Label everything in your center to make cleaning up easier. To make the labels for my unit blocks, I traced the blocks to make a paper copy and taped them to the shelf. Labels visually show students (and teachers) where the items belong. It makes cleaning up easier and helps students be independent in your classroom. They won’t have to ask you for what they need because they will be able to find it themselves in the center. Don’t forget to have words paired with a picture on your labels! Grab my Classroom Labels HERE with real photographs!
Construction props such as tools, empty paint cans, signs, hard hats, cones, construction vests, and tools belts allow students to pretend they are a real Construction worker, Engineer, Painter, Architect, or Carpenter. You will hear them use rich vocabulary during play related to what they are building. The paint cans are from Lowes, and they also have cloth construction aprons for $1. Grab some paint samples while you are there too! Laminate them and put them on a metal ring so Painters can choose and talk about colors during play. The Dollar Tree often has toolboxes, levels, real tools, measuring tapes, cones, and sometimes even pretend tools.
Depending on your theme, add cars, trucks, trains, and/or planes to your block center. These are sand play cars I found at Target during the summer.
Animals make block play more inviting for your reluctant builders. Who doesn’t love animals? I sort my animals by theme or at least try to. I have pets, farm animals, ocean animals, polar animals, zoo animals, dinosaurs, and forest animals. You can find animals at the Dollar Tree, party stores, and often in the Target dollar spot.
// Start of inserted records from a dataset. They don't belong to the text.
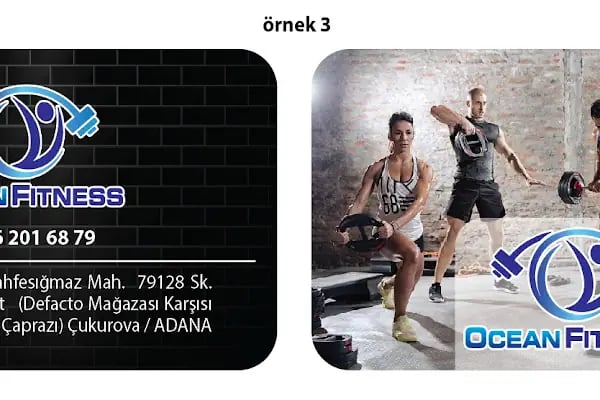 OCEANFITNESS - Resim 12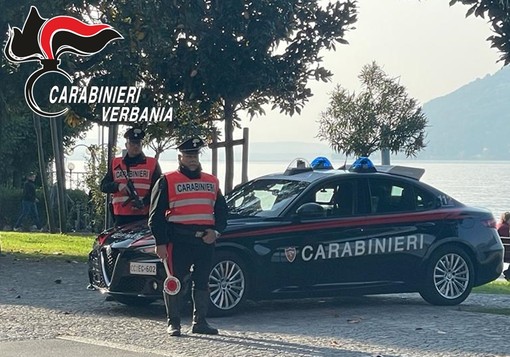 Perquisizione per una carta di credito finisce con una denuncia per droga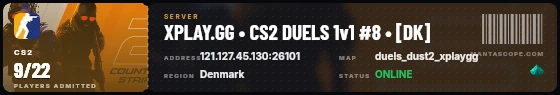 Ticket badge preview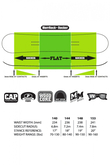 Deska Snowboardowa Damska Morrow Sky 148
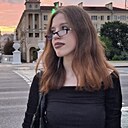 Знакомства: Екатерина, 20 лет, Гродно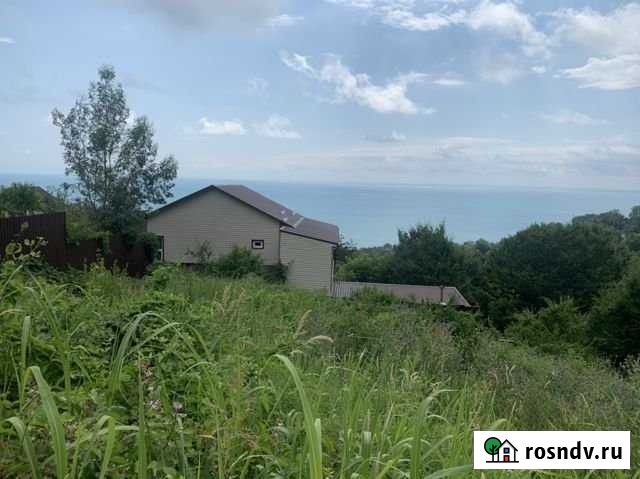 Участок ИЖС 5 сот. на продажу в Сочи Сочи - изображение 1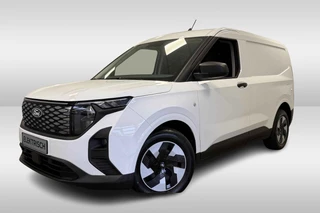 Hoofdafbeelding Ford E-Transit Courier Ford E-Transit Courier Trend 44 kWh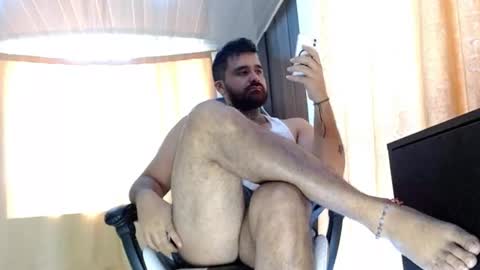 aronmiller online show from March 16, 12:42 pm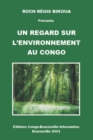Image for Un Regard Sur l&#39;Environnement Au Congo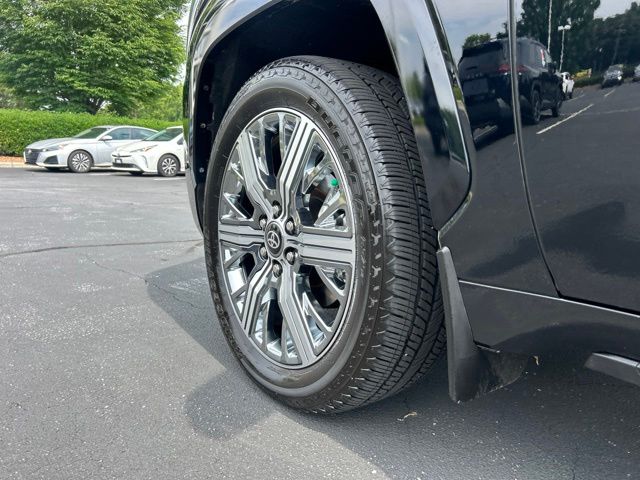 2026 Toyota Sequoia Capstone - Photo 13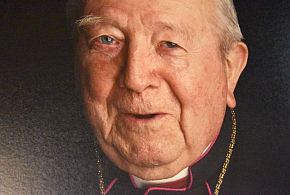 Requiem za arcibiskupa Karla Otčenáška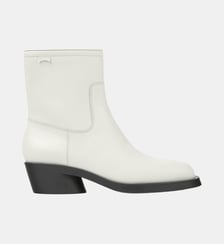 Bottines Bonnie cuir Camper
Add natural materials you can find in nature. Pine cones, tree rings, rocks, fake leaves, fake flowers, shells, and sticks are inspiring for little builders. Most of my natural materials come from the Dollar Tree or Michaels because I know they are clean and have no little critters hiding in them. One morning I came into my classroom to find little black bugs crawling all over my block shelf after I brought some nature into our classroom (ugh!) Your kiddos will be exploring nature, talking about it, and investigating it during play (aka science).
People blocks are fun to have. I make Me Blocks every year using a set of Jenga blocks. Just take your students’ pictures, print, cut, and tape them to the block. A few years ago, a student was building in the blocks center and their best friend was absent that day. He was playing with his friends me block because he missed him so much. So sweet!
Dollhouse people are a great way to infuse culture into your block center. You can buy dollhouse people with different abilities, cultures, gender, and jobs.
Signs are a must in any block center and rich environmental print. I made these signs myself by searching for various community places on google images. All you do is print, cut out, and tape to the blocks you have in your classroom. Don’t you just love the Petco sign a student made?! It is the bright orange one on top. The Places ABC book I made using google images too. It is fun to make signs that students see and go to. I also have street signs on sticks in my blocks center. City Signs and I Can Read Signs are great books about signs.
Look At What We Built is a binder with photographs of buildings students have built. Grab your FREE cover at the bottom of the post. Students will look at the book, notice something, and try to build it like their friend did. What I LOVE even more is when they go get that same friend to help them build it with them! Collaboration at its best! And when they build something amazing, I take a picture of it and add it to the book!
Books, books, and more books! I am always rotating out the books in our blocks center. There are just too many amazing books to choose from. Here are some of my favorites: When I Build with Blocks, Not a Box, Iggy Peck Architect, Jack the Builder, Block City, and Old McDonald had a Workshop.
Don’t forget to have non-fiction books in your center too! Building a Skyscraper book is part of a Construction series by JoAnne Early Macken. They are my favorite and just right for Preschool, Pre-k, and Kindergarten. JoAnne Early Macken has written Construction Tools, Construction Crews, Building A Skyscraper, Building a Bridge, Building a Tunnel, and Building a Road.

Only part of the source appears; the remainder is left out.